Hypothetical Case Studies
[0052] Our first case study is to examine a large telco or wireless
company. For the purposes of our study, let's use AT&T
wireless. AT&T wireless sells cell phones. Most of the sales
are basic plans, say for example, $29.95 per month. Where AT&T
makes all its money however, is on the high-margin items, for
example cell phones which allow users to search the Internet, get
e-mails, take and send images and videos, download music, etc.
AT&T might therefore decide to use the system described herein
to provide targeted ads. So for example, the user who has recently
searched their email might see an ad for AT&T's e-mail phones.
If the user clicks on images (on their desktop and/or on a Web
site), the user might see an ad for AT&T's picture phones.
Similarly, the video content/category can suggest ads for AT&T
video capability and music searches can be related to ads for
phones which have MP3 capability. If the user's contacts is open,
or recently searched, the system might show phones which allow
users to download their Outlook contacts. Both the web and my web
pages categories could show phones which are Internet enabled.
Other searching might not map well to AT&T's products. For
these categories, AT&T might decide to fall back on information
gathered from public searching, and if no results are available
from the contracted ad server, to display a generic ad for the
company or one of its products.
[0053] Our second case study involves a portal with many millions
of users from all different backgrounds who are completely
heterogeneous.
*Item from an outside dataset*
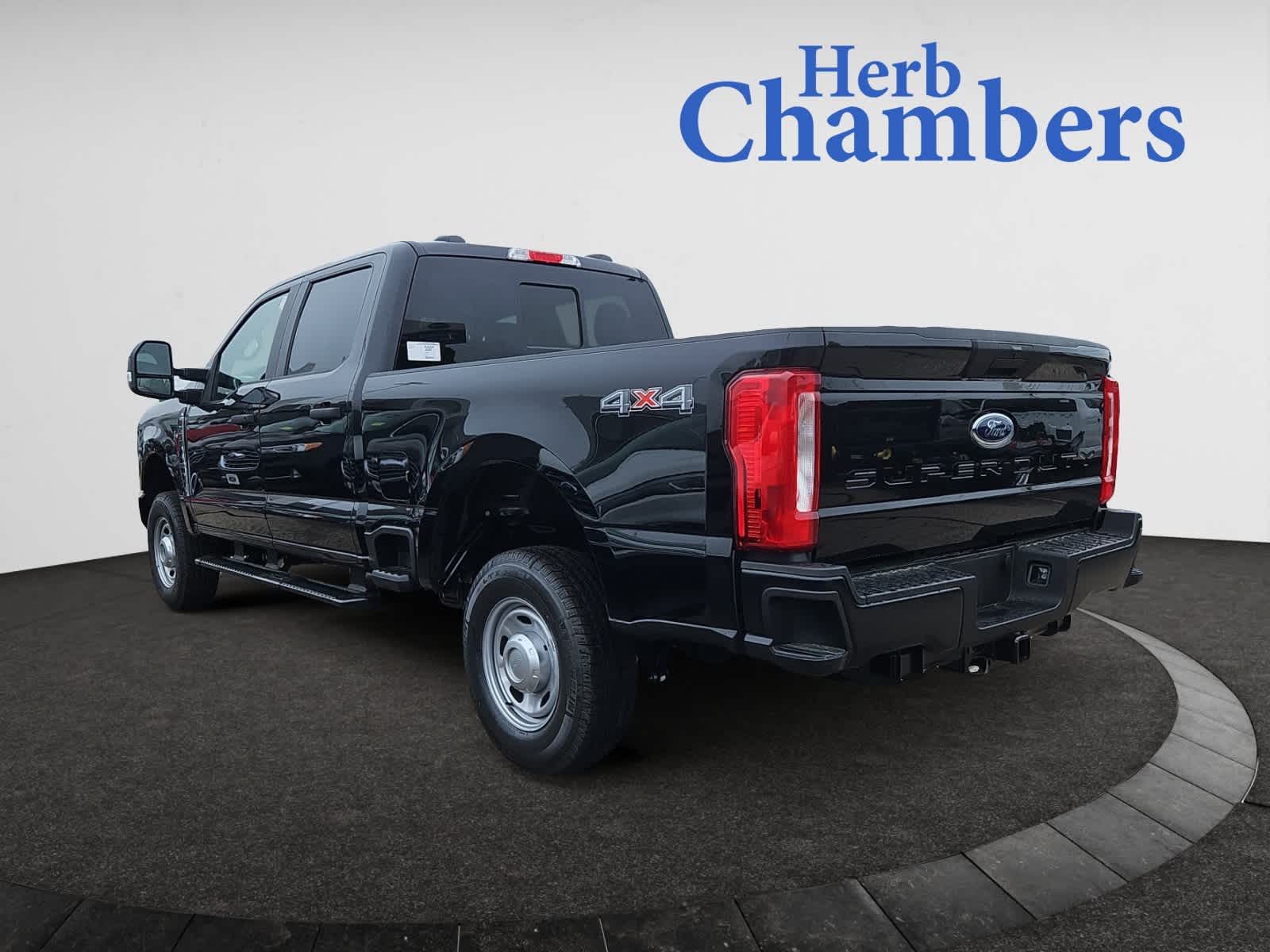 new 2025 Ford Super Duty F-250 SRW car, priced at $56,195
This portal might decide to always use the Privacy
First relevancy algorithm across all content categories, and never
to use vertical ads. Or the portal might decide to first try
Privacy First, and then fall back on vertical ads, which are
reflections of its own advertisers. Of course as described above,
the portal is then free to select ads which best fit the CDS
content categories. The portal might also decide to have Privacy
First relevancy algorithm ads in some categories, and content
category ads in others.
[0054] The net result is that CDS with Privacy First offers our
distribution partners a fresh, new, flexible, dynamic, and unique
way of monetizing private content search traffic, keeping their
brand in front of their users, and maintaining control of their own
traffic. With its industry leading privacy policies, we are
confident that customized, branded version of CDS will be viewed
very favorably by our distribution partner's customers.
Local Relevancy Engine
[0055] The local relevancy engine is a system which allows the
monetization of downloaded programs and/or Web sites while
maintaining absolute privacy and security. It uses only information
knowingly sent over the internet by the user. No other information
is tracked or recorded. There is a strong separation between
"public" terms and "private" terms. Public terms, as discussed, are
terms which are already public, like search terms used in internet
search engines. Private terms are anything that is used on the
local desktop which has not been used publicly.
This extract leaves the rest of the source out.